PROVIDED ENTRIES:
★ ★ ★

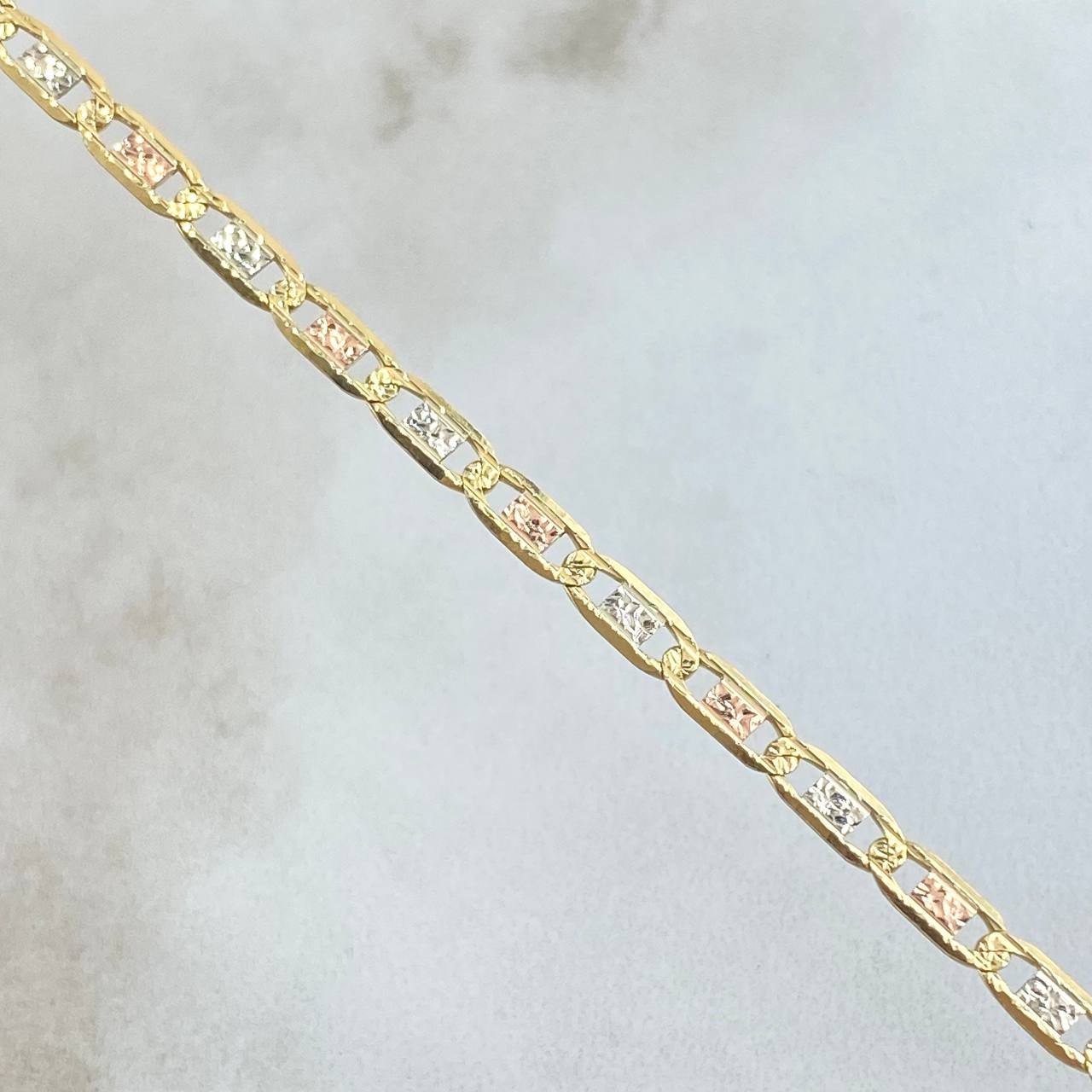 Cadena Plana 11.2gr / 60cm / 3.3mm Diamantada Tres Oros +3 18K ©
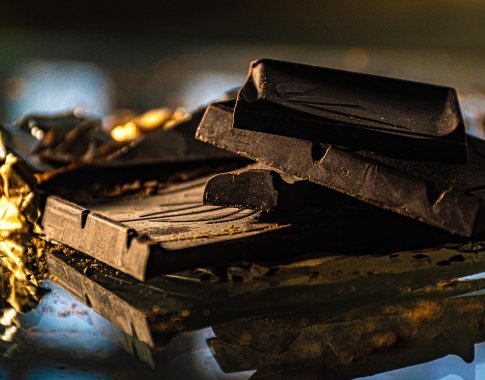 Atslūgstant kakavos krizei laukiama pigesnio šokolado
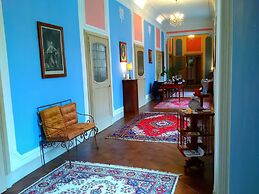 Antica Dimora B&B in Historic Residence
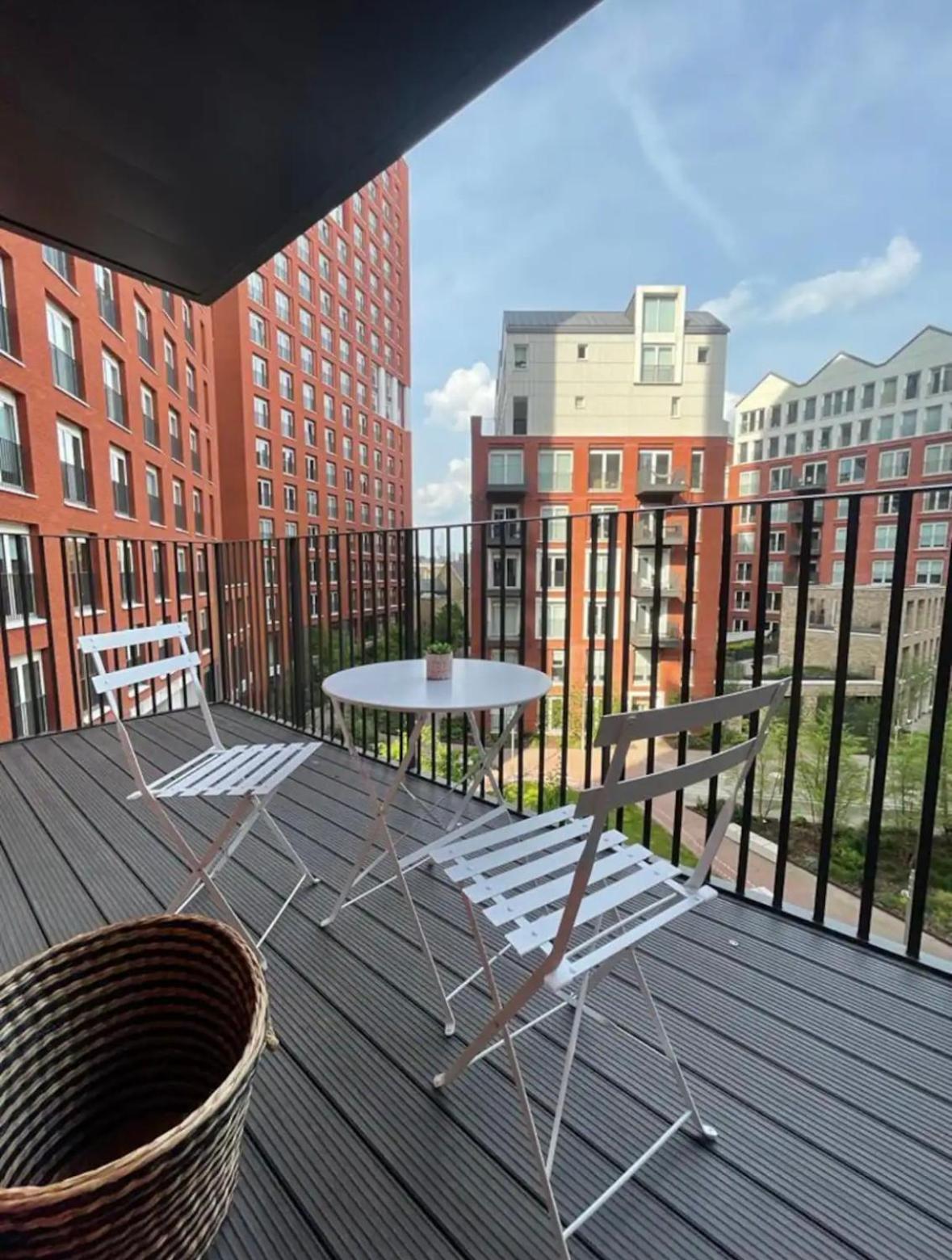 Apartment Vauxhall Luxury: Balcony London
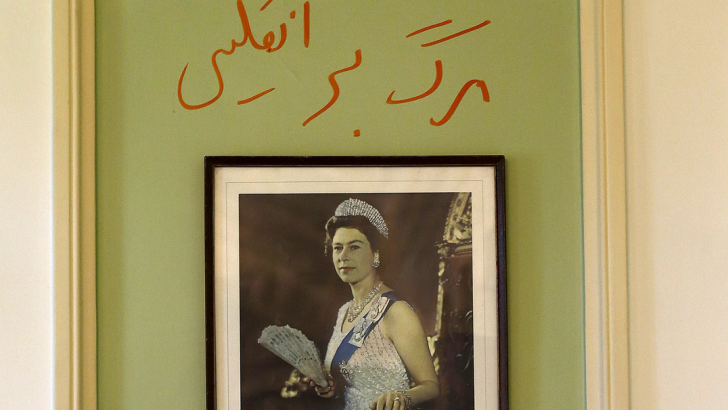 Ce scrie deasupra portretului reginei Elisabeta a II-a, de la ambasada Marii Britanii la Teheran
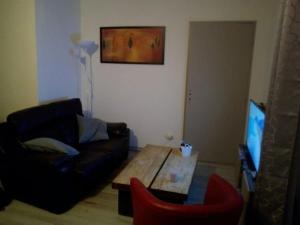 un salon avec un canapé et une table basse dans l'établissement Superbe appartement lumineux au sud d Orange, à Orange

★ ★ ★

ABOUT THIS TASK:
All the lines above should be reproduced exactly, and none of the pictures.

EXERCISE RESULT:
 Cadena Plana 11.2gr / 60cm / 3.3mm Diamantada Tres Oros +3 18K ©
 Atslūgstant kakavos krizei laukiama pigesnio šokolado
 Antica Dimora B&B in Historic Residence
 Apartment Vauxhall Luxury: Balcony London
 Ce scrie deasupra portretului reginei Elisabeta a II-a, de la ambasada Marii Britanii la Teheran
 un salon avec un canapé et une table basse dans l'établissement Superbe appartement lumineux au sud d Orange, à Orange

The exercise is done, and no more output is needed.